Reputation: 346
I'm having an issue with some spam links at the moment. My users are allowed to post hyperlinks in an input box and I'd like to be able to restrict this to only certain domains (if a hyperlink is found in the text).
The spam has gotten to a point where I am disabling all hyperlinks using the following regex:
if(new RegExp("([a-zA-Z0-9]+://)?([a-zA-Z0-9_]+:[a-zA-Z0-9_]+@)?([a-zA-Z0-9.-]+\\.[A-Za-z]{2,4})(:[0-9]+)?(/.*)?").test(contentString)){
alert("URLs are not allowed!");
return false;
}
I want to ease this up a bit and only allow specific hyperlink domains.
I tried this which was found here:
function isAllowed(urlString)
{
var allowed = ['example.com', 'stackoverflow.com', 'google.com'];
var urlObject = new URL(urlString);
return allowed.indexOf(urlObject.host) > -1;
}
console.log(isAllowed('http://example.com/path/?q=1')); // true
console.log(isAllowed('https://subdomain.example.com/')); // false
console.log(isAllowed('http://stacksnippets.net')); // false
if (!isAllowed(document.getElementById('yourTextbox').value))
{
alert('Domain is not allowed!');
}
However, this only works if the string is a hyperlink itself so now I am a bit stumped on how to accomplish this.
Upvotes: 0
Views: 129
Reputation: 17382
Let's assume your regex works (didn't look into it very deep), then, instead of just using .test(...)
to test whether some string matches the regex, you can also use .exec(...)
to get more information about the match, especially you get the capture groups of a match. Additionally using the g
(global) flag of the regex will allow you to get all matches for the regex in the string, not only the first one. And maybe you should also add the i
flag to make your regex caseinsensitive.
var alloweddomains = ["stackoverflow.com", "google.com", ...];
var regex = new RegExp(..., "gi");
var teststring = "foo bar https://stackoverflow.com/questions/123456 baz blubb"

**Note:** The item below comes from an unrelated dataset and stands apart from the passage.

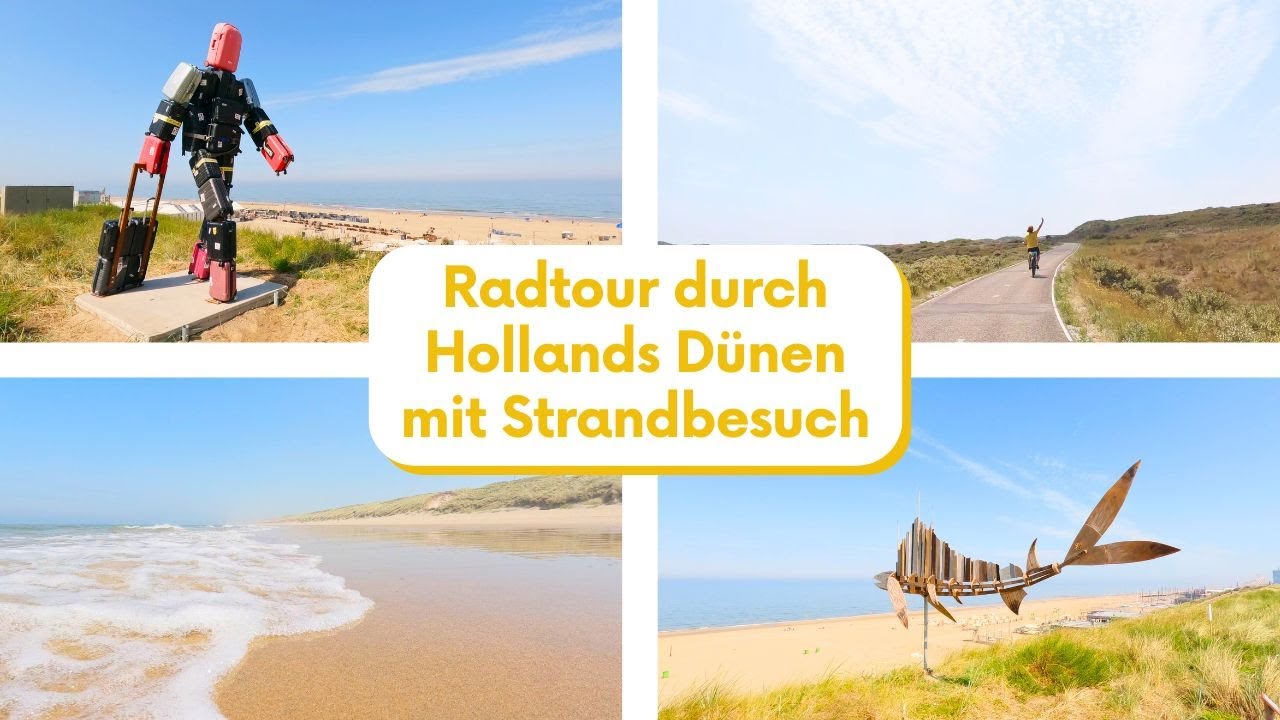 Radtour durch Hollands Dünen mit Strandbesuch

var m = regex.match(teststring);
//while m !== null, the regexp returned a match
//so this iterates over all matches in the teststring
while (m !== null) {
//handle the current match. see explanation below
....
//get the next match
m = regex.match(teststring);
}
regex.match()
will either return null
if the regex doesn't match (ie the string is not a URL) or an array, containing the capture groups. For that particular example it will return the following array
["https://stackoverflow.com/question/123456",
"https://",
undefined,
"stackoverflow.com",
undefined,
"/question/123456"
]
The first element in the array is the whole match, the other elements are capturing groups defined by (...)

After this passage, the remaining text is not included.